Although we believe that the parties charted a course for summary judgment on the issue of whether there exists a contractual relationship between them (see, Four Seasons Hotels v. Vinnik, 127 A.D.2d 310, 320), we cannot conclude on this record, as did the Supreme Court, that it is "unequivocally clear" that this was so with respect to the remainder of the case (Four Seasons Hotel v. Vinnik, supra, at 320; Markle Found. v Manufacturers Hanover Trust Co., 173 A.D.2d 784; cf., Monteferrante v. New York City Fire Dept., 63 A.D.2d 576, affd for reasons stated at App. Div. 47 N.Y.2d 737). However, this does not require reversal of the order appealed from, as this court may pass upon the sufficiency of the complaint, in any event (see, Barclay Arms v. Barclay Arms Assocs., 74 N.Y.2d 644). In doing so, we assess the complaint in light of the evidentiary material submitted in conjunction with the CPLR 3211 motion, as well as that appended to the complaint itself (see, Guggenheimer v Ginzburg, 43 N.Y.2d 268, 275; Fields v. Leeponis, 95 A.D.2d 822; CPLR 3211 [c]). Under these circumstances, "the criterion is whether the proponent of the pleading has a cause of action, not whether he has stated one" (Guggenheimer v. Ginzburg, supra, at 275).
Further, the plaintiffs challenge the Supreme Court's specific findings with respect to the first, second, sixth, seventh, eighth, ninth, and eleventh causes of action. We conclude that their contentions are without merit, and dismiss the complaint in its entirety (see, Bello v. Cablevision Sys. Corp., 185 A.D.2d 262, supra [decided herewith]).

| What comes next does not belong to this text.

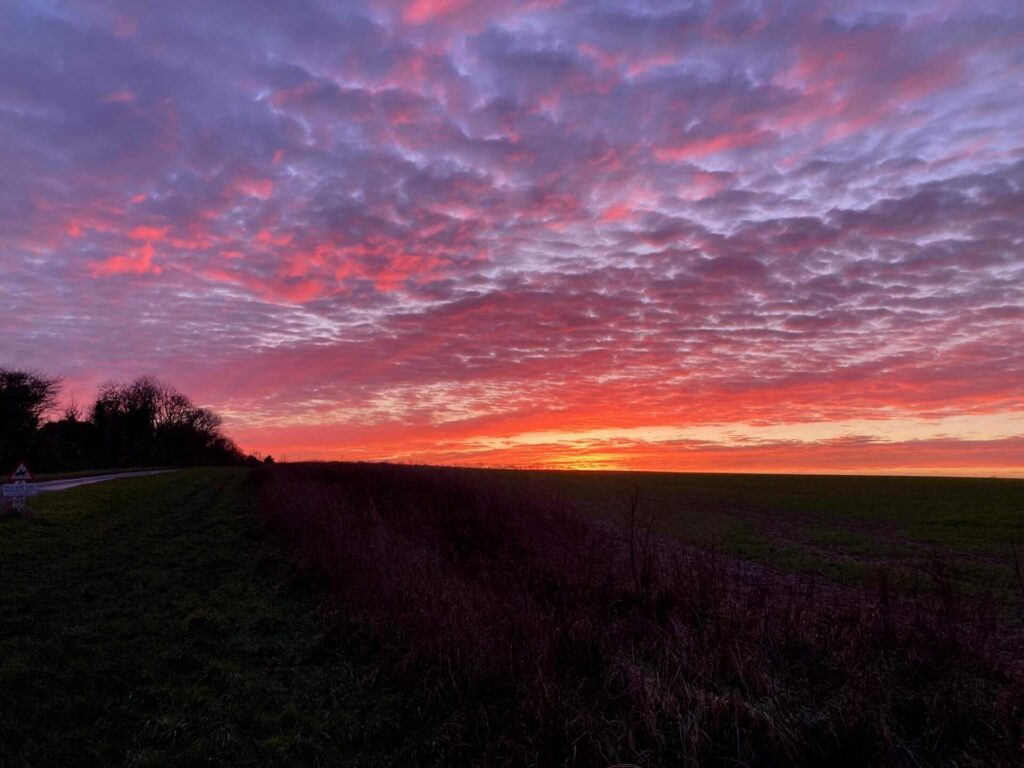 vivid red and orange sunset with a lilac cloudy sky against an horizon in silhouette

The Supreme Court properly determined that there exists an implied-in-fact contract between the parties (see, e.g., Seaview Assn. v. Williams, 69 N.Y.2d 987; see also, Jemzura v. Jemzura, 36 N.Y.2d 496, 503-504). The existence of a contract between the parties precludes recovery under the theory of quasi-contract (see, Clark-Fitzpatrick, Inc. v. Long Is. R.R. Co., 70 N.Y.2d 382, 388-389; see also, Bradkin v. Leverton, 26 N.Y.2d 192, 196), and, therefore, the first cause of action is dismissed.

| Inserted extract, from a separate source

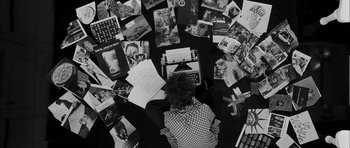 Movie still from “I'm Not There” (2007), directed by Todd Haynes – A person sitting in front of a typewriter surrounded by pictures; Wide shot, Overhead angle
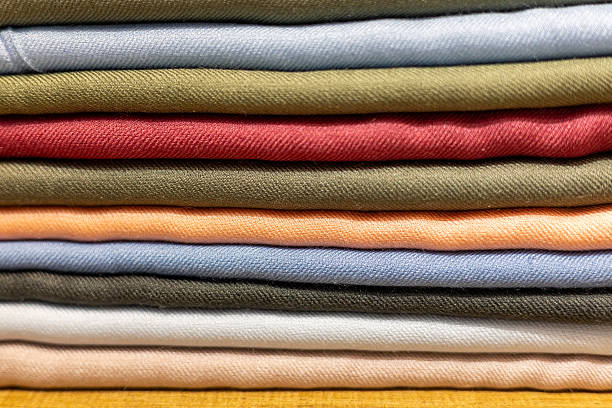 istock Colorful stack of neatly folded fabric showcasing various textures and hues in a home sewing space 2212811574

The plaintiffs' second cause of action to recover damages for fraudulent misrepresentation is premised on a claim that the defendant utilized false advertising. However, the plaintiffs, in their complaint and evidentiary material in support thereof, have failed to assert facts from which it could be concluded that they justifiably relied on the alleged misrepresentations (see, Levy v. Country Lakes Homes, 133 A.D.2d 70). Therefore, this cause of action is dismissed. The plaintiffs' sixth and seventh causes of action to recover damages for deceptive acts and practices and false advertising (see, General Business Law § 349 [a], [h]; § 350-e [3]), are grounded on the same allegations, and are also dismissed for failure to sufficiently demonstrate reliance (see, Butler v. Caldwell Cook, 122 A.D.2d 559).

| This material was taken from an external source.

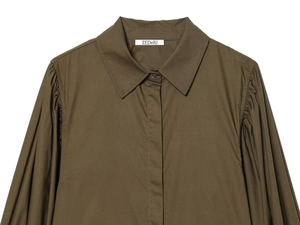 Detailed view of the olive green poplin shirt featuring pleated puff sleeves and a classic collar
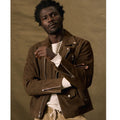 Man wearing a brown jacket over a white shirt against a beige background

The plaintiffs' eighth cause of action asserts a claim that the defendant engaged in an unreasonable restraint of trade in violation of the Donnelly Act (see, General Business Law § 340). This cause of action is based upon the defendant's alleged misuse of its monopoly power. The failure of the plaintiffs to allege that the defendant engaged in concerted activity with another entity requires dismissal of this cause of action (see, Creative Trading Co. v. Larkin-Pluznick-Larkin, Inc., 136 A.D.2d 461, 462). The plaintiffs' ninth cause of action asserts that the defendant's "Rate Card" is an illegal "tying" arrangement. However, a review of the Rate Card indicates that the programing services which are allegedly being tied may be purchased individually, and, therefore, no "tying" claim may lie (see, Northern Pac. Ry. Co. v. United States, 356 U.S. 1, 6, n 4).
The plaintiffs' eleventh cause of action asserts yet another claim of fraudulent misrepresentation, and is dealt with in the companion appeal (see, Bello v. Cablevision Sys. Corp., 185 A.D.2d 262, supra [decided herewith]). Harwood, J.P., Balletta, Lawrence and Santucci, JJ., concur.